Tossrock · 2026-02-03T19:06:23 1770145583

But... Claude Code is already cloud-based. It relies on the Anthropic API. Your data is all already being ingested by them. Seems like a weird boundary to draw, trusting the company's model with your data but not their convenience web ui. Being local-only (ie OpenCode & open weights model running on your own hw) is consistent, at least.

tomashubelbauer · 2026-02-03T19:10:02 1770145802

It is not a moral stance. I just prefer to have my files of my personal projects in one place. Sure I sync them to GitHub for backup, but I don't use GitHub for anything else in my personal projects. I am not going to use a workflow which relies on checking out my code to some VM where I have to set everything up in a way where it has access to all the tools and dependencies that are already there on my machine. It's slower, clunkier. IMO you can't beat the convenience of working on your local files. When I used my CC mirror for the brief period where it worked, when I came back to my laptop, all my changes were just already there, no commits, no pulls, no sync, nothing.

Tossrock · 2026-02-03T19:16:12 1770146172

Ah okay, that makes sense. Sorry they pulled the plug on you!

tomashubelbauer · 2026-02-03T09:13:32 1770110012

I am using GPT-5.2 Codex with reasoning set to high via OpenCode and Codex and when I ask it to fix an E2E test it tells me that it fixed it and prints a command I can run to test the changes, instead of checking whether it fixed the test and looping until it did. This is just one example of how lazy/stupid the model is. It _is_ a skill issue, on the model's part.

Sammi · 2026-02-03T17:49:49 1770140989

Non codex gpt 5.2 is much better than codex gpt 5.2 for me. It does everything better.
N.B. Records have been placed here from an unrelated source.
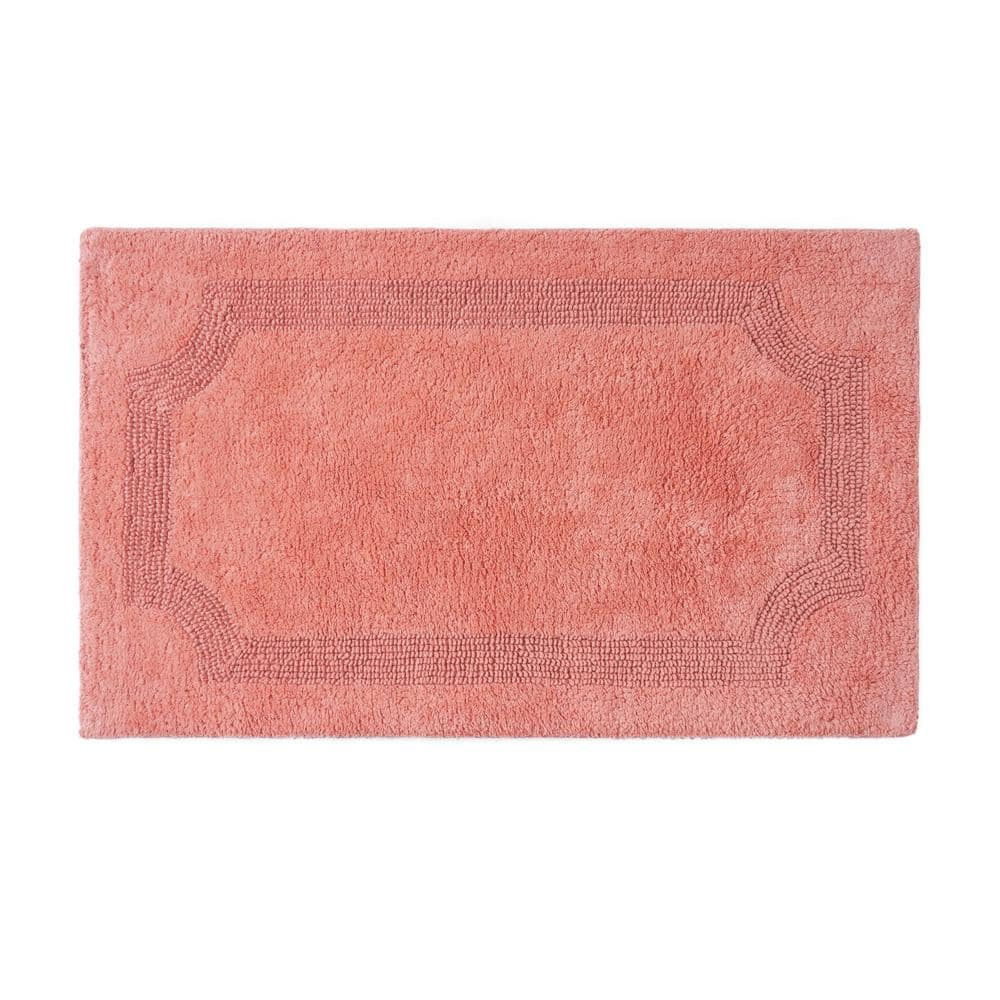 Laura Ashley Reversible Cotton 21 x 34 in. Bath Mat, Coral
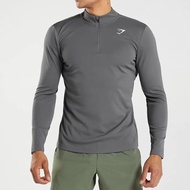 2026 original American style NEW Gymshark Arrival Zip Long Sleeve Fitness Quick Drying Long Sleeve S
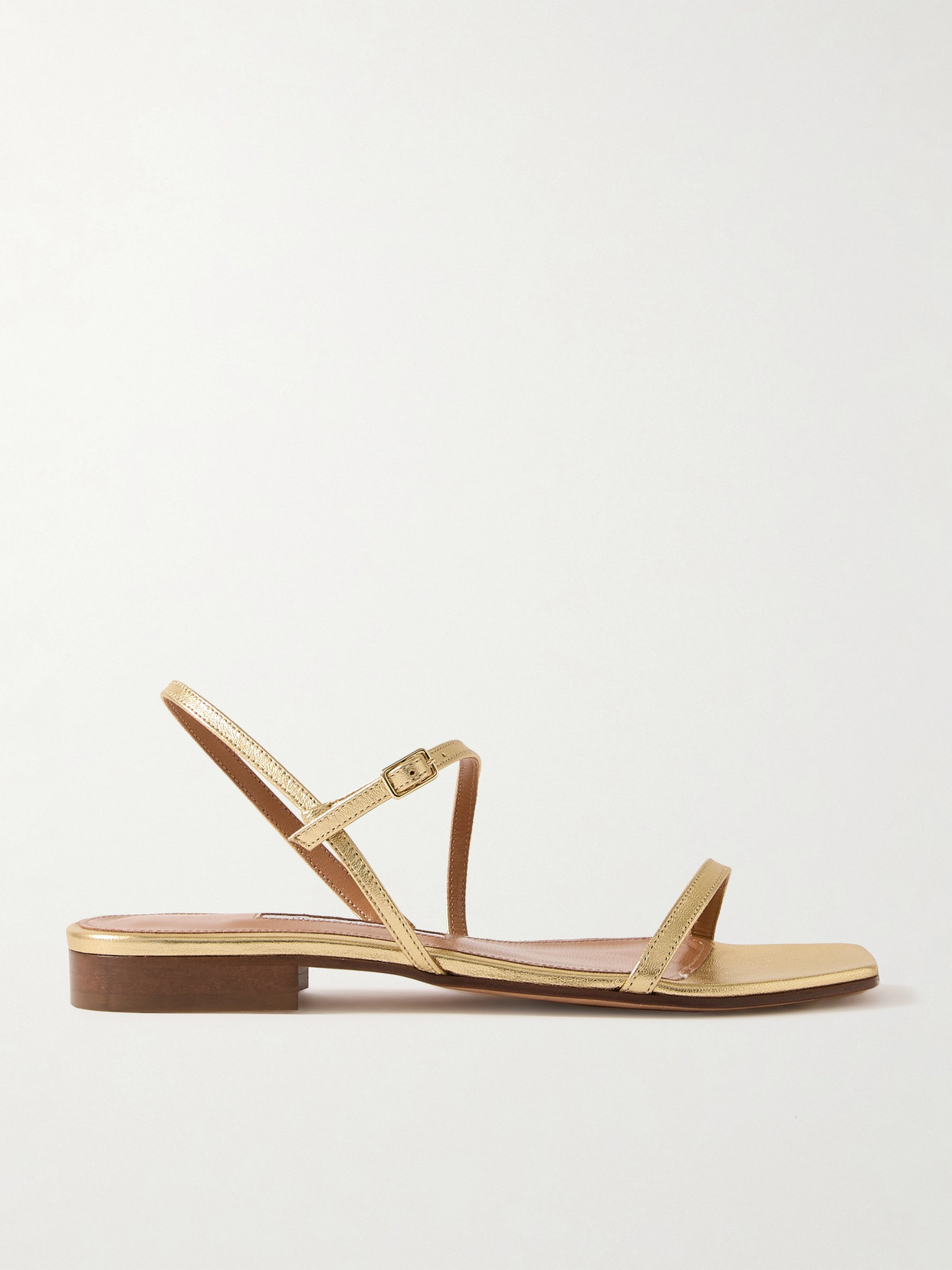 Emme Parsons Hope Metallic Leather Sandals In Gold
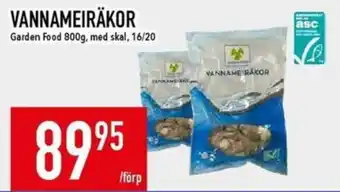 Matdax Vannameiräkor erbjuda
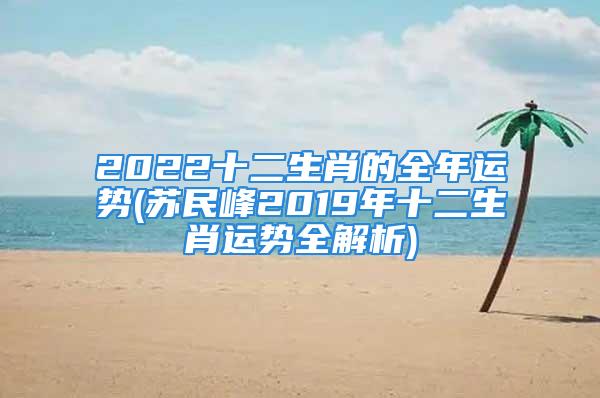 2022十二生肖的全年运势(苏民峰2019年十二生肖运势全解析)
tomashubelbauer · 2026-02-03T17:51:51 1770141111

Yup, I find it very counter-intuitive that this would be the case, but I switched today and I can already see a massive difference.

Sammi · 2026-02-04T08:42:51 1770194571

It fits with the intuition that codex is simply overfitted.

tomashubelbauer · 2026-02-04T08:48:10 1770194890

Yeah I meant it more like it is not intuitive to my why OpenAI would fumble it this hard. They have got to have tested it internally and seen that it sucked, especially compared to GPT-5.2

theshrike79 · 2026-02-03T11:55:56 1770119756

Codex runs in a stupidly tight sandbox and because of that it refuses to run anything.

But using the same model through pi, for example, it's super smart because pi just doesn't have ANY safeguards :D

tomashubelbauer · 2026-02-03T15:42:53 1770133373

I'll take this as my sign to give Pi a shot then :D Edit: I don't want to speak too son, but this Pi thing is really growing on me so far… Thank you!

theshrike79 · 2026-02-03T21:50:55 1770155455

Wait until you figure out you can just say "create a skill to do..." and it'll just do it, write it in the right place and tell you to /reload

Or "create an extension to..." and it'll write the whole-ass extension and install it :D

prodigycorp · 2026-02-03T09:37:30 1770111450

i refuse to defend the 5.2-codex models. They are awful.